Today, we're going to look at the ecosystem that is a tree, the tiny living organisms that rely on that tree to sustain them. Get out your magnifying glasses folks and prepare to hear about the connections between the US Constitution, what, and the sexologist Alfred Kinsey of Kinsey Report [unintelligible 00:01:12] what, Darwin too and the movie Alien, what, and the party going on right now on your local tree. Quite a story about to come your way. Back with us is our guide for this adventure, urban ecologist Marielle Anzelone, founder of New York City Wildflower Week who proposed this project and has offered her expertise in putting it together. Hi again, Marielle. Happy August.
Marielle Anzelone: Hi, Brian. Happy August to you.
Brian Lehrer: She's joined by two other guests this month, James Lendemer, a lichenologist at CUNY and the New York Botanical Garden and the co-author with Jessica Allen of Urban Lichens: A Field Guide for Northeastern North America and Miles Zhang, an evolutionary biologist specializing in the study of parasitic wasps with the United States Department of Agriculture. Miles and James, welcome to WNYC.
James Lendemer: Great.
Miles Zhang: Thanks, Brian, for having us.
Brian Lehrer: Listeners, we may have time for a few phone calls for our guests, so if you have a question about lichens or gall wasps or other creatures living in your chosen tree that we have definitely never talked about on this show, call us at 212-433-WNYC, 212-433-9692 or tweet @BrianLehrer. James and Miles, you each study different, I'll say, living things that make their homes on trees. Lichen for James and parasitic wasps, and specifically gall wasps, for Miles. Let's hear more about them. Miles, where would we find gall wasps in New York City, for example, and how would we know one if we saw one?
Miles Zhang: They're mostly found on oaks. I think in New York, you guys have a lot of pin oaks. Try looking on the leaves, the stems. If you find some sort of growth on there like a little ball shape or some kind of almost like a tumor, that's a gall that's made by a gall wasp. They lay their eggs in there and the larva will eat and develop inside the gall and then start emerging and then they will repeat the cycle all over again. They do this twice a year. Just go out there, look for oaks, and you should be able to find them.
Brian Lehrer: If someone has picked an oak tree as the tree they're following around, it sounds like-- following through the year, seems like they're likely to see these wasps flying around. Do they sting?
Miles Zhang: No, no. They're really small, generally about less than 5 millimeters, so they only lay eggs into trees, so they cannot sting you at all, which is why I like studying them, harmless.
Brian Lehrer: Now you have a connection between gall wasps and the United States Constitution. Do I have that right?

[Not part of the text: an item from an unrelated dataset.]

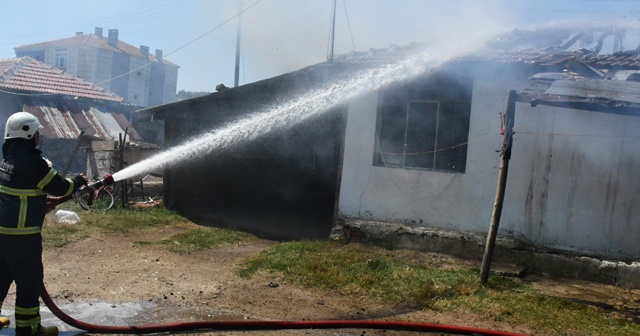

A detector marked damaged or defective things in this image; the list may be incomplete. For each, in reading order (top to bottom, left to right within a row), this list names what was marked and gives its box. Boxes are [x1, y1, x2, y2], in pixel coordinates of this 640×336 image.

rusty metal roof sheet [0, 57, 124, 101]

Miles Zhang: Yes. I'm actually at the American Museum of Natural History visiting right now. I'm looking at some of the collections here. Gall wasps are probably most well known because back in the days we used to make ink out of them, because there's a lot of tannin in these oak galls. They're concentrated of plant chemicals and we actually used that to distill it into iron gall ink. It was popular. It's actually used to sign the constitution and a lot of the paintings back then were also done partly using this ink.
Brian Lehrer: How about the connection to Alfred Kinsey, best known for studying human sexuality?
Miles Zhang: Before he became a sexologist, he actually was a gall wasp taxonomist. He actually collected around Mexico and across the US. The American Museum actually has the world's largest collections and mostly are his specimens. I think they estimate we have seven million specimens here stored and I'm just trying to go through as many as I can during my visit here. It's a phenomenal collection.
Brian Lehrer: You'll write about it with the ink from gall wasps perhaps. James Lendemer, let me turn to you. I know that lichens are now found on almost all trees in the area and that's considered a good thing, but what are lichens exactly? A lot of listeners, some listeners, might not even recognize the word when I'm saying it, L-I-C-H-E-N, lichen.
James Lendemer: There are these really amazing symbiosis that are formed between fungi and algae. The fungus provides a home for the algae and the algae provide food for the fungus. These two things get together and they don't look like much if they were able to grow on their own. They are not able to grow on their own. They grow together and they form these really beautiful, fabulous structures that are just absolutely beautiful. They're the colorful things that you see all over your trees.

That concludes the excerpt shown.